Make an exact copy of every entry, leaving the pictures out.

(Captioned web images)
★ ★ ★ ★ ★

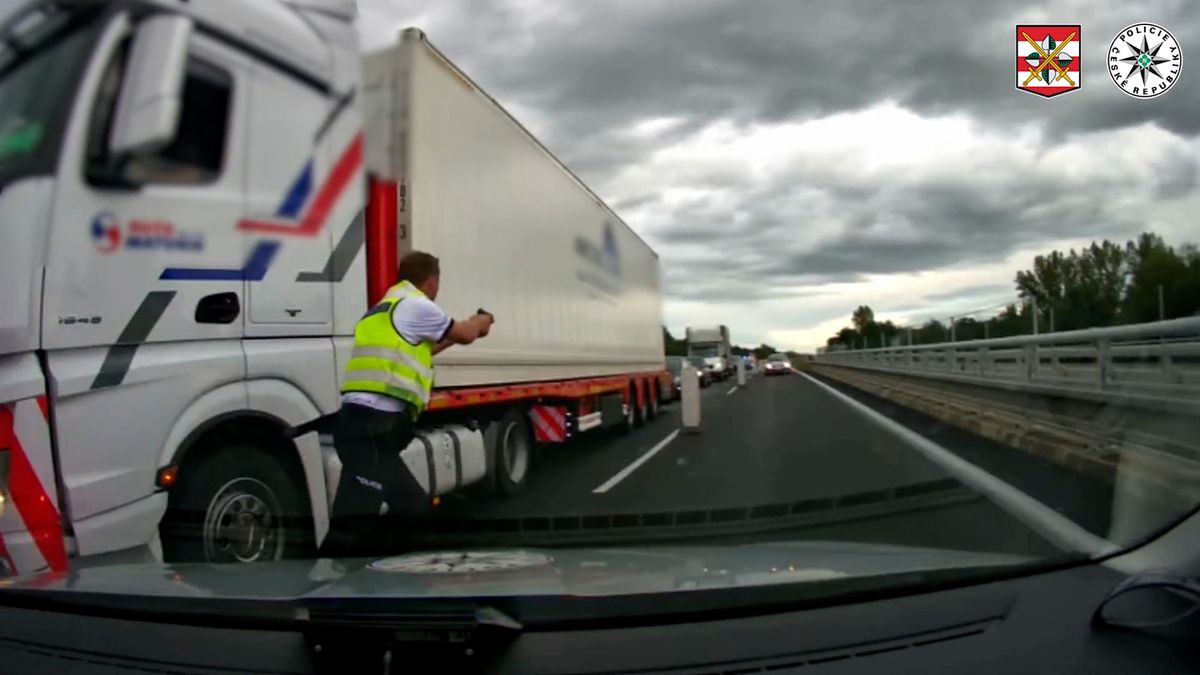 Policie využila kamiony a zablokovala dálnici kvůli autu s uprchlíky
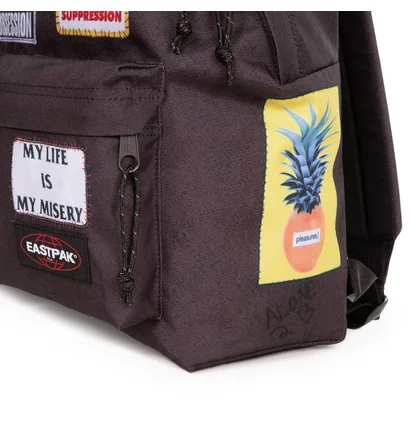 Eastpak x Pleasures Padded (Schwarz)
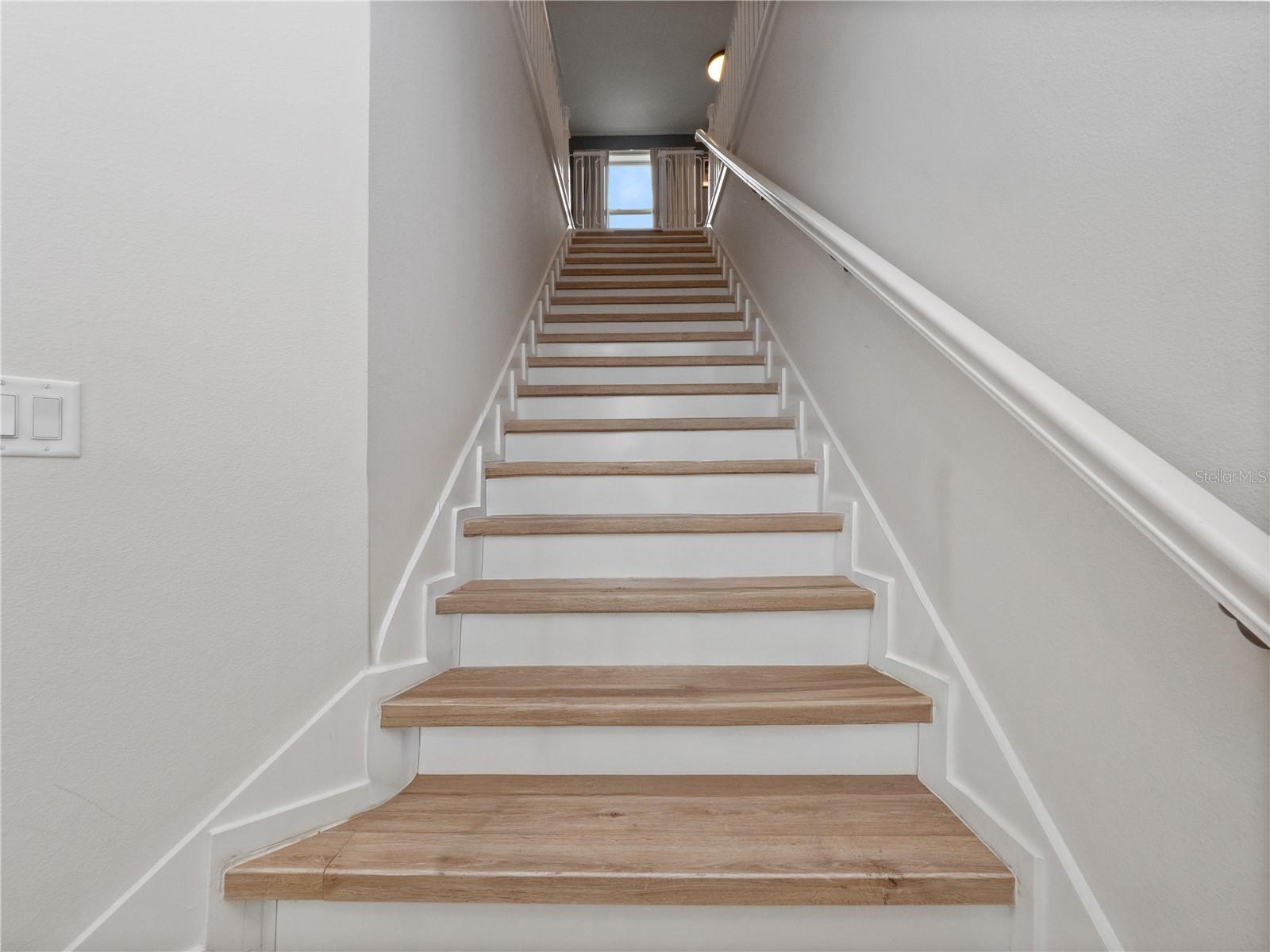 EAGLE CRK VILLAGE I - Residential Lease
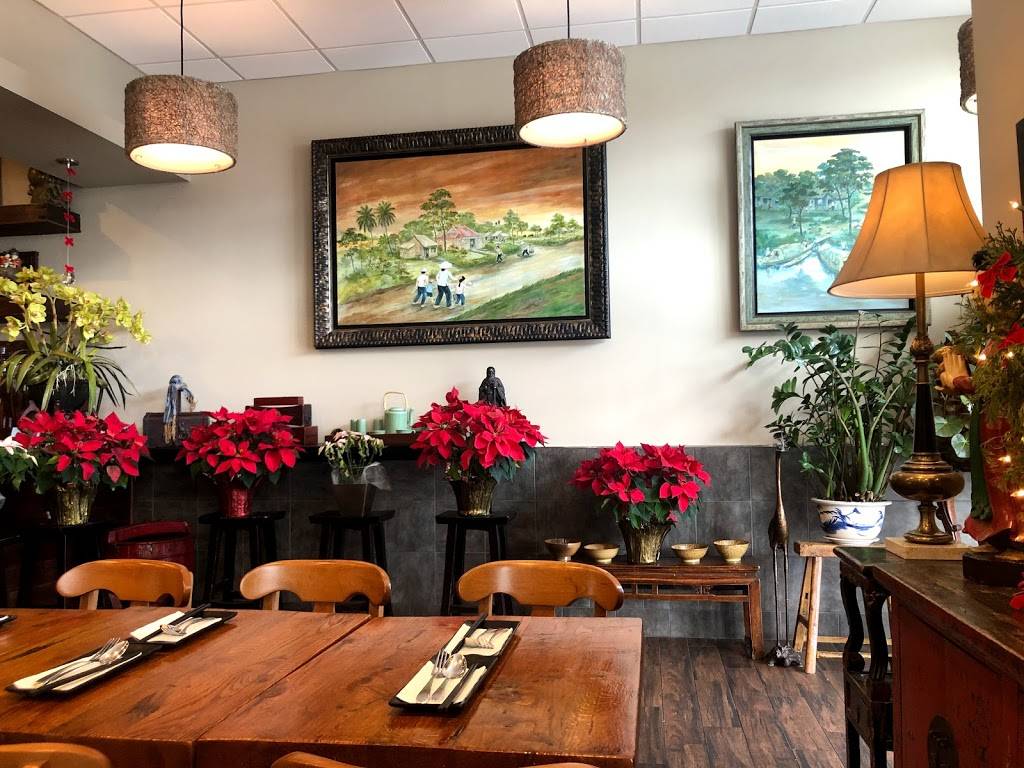 Bep Viet | restaurant | 3000 Annandale Rd Ste 102, Falls Church, VA 22042, USA | 7033451103 OR +1 703-345-1103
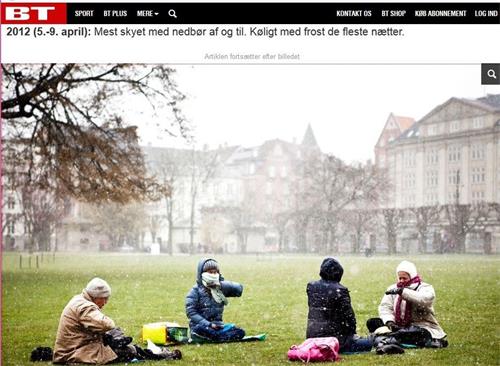 'BT報網站截圖：2012年丹麥法輪功學員風雪中打坐煉功'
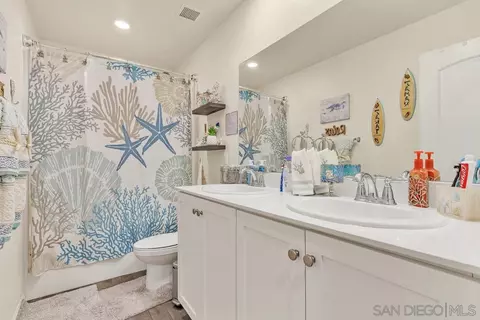 Bath - 5446 Meridian Pl, Bonsall, CA 92003 photo 1 of 2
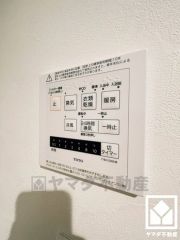 浴室暖房乾燥機付き。真冬の寒い浴室を暖かく、また雨の日の洗濯物の乾燥にと多用途に活躍する機能です。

★ ★ ★ ★ ★

_YOUR SOLUTION_
 Policie využila kamiony a zablokovala dálnici kvůli autu s uprchlíky
 Eastpak x Pleasures Padded (Schwarz)
 EAGLE CRK VILLAGE I - Residential Lease
 Bep Viet | restaurant | 3000 Annandale Rd Ste 102, Falls Church, VA 22042, USA | 7033451103 OR +1 703-345-1103
 'BT報網站截圖：2012年丹麥法輪功學員風雪中打坐煉功'
 Bath - 5446 Meridian Pl, Bonsall, CA 92003 photo 1 of 2
 浴室暖房乾燥機付き。真冬の寒い浴室を暖かく、また雨の日の洗濯物の乾燥にと多用途に活躍する機能です。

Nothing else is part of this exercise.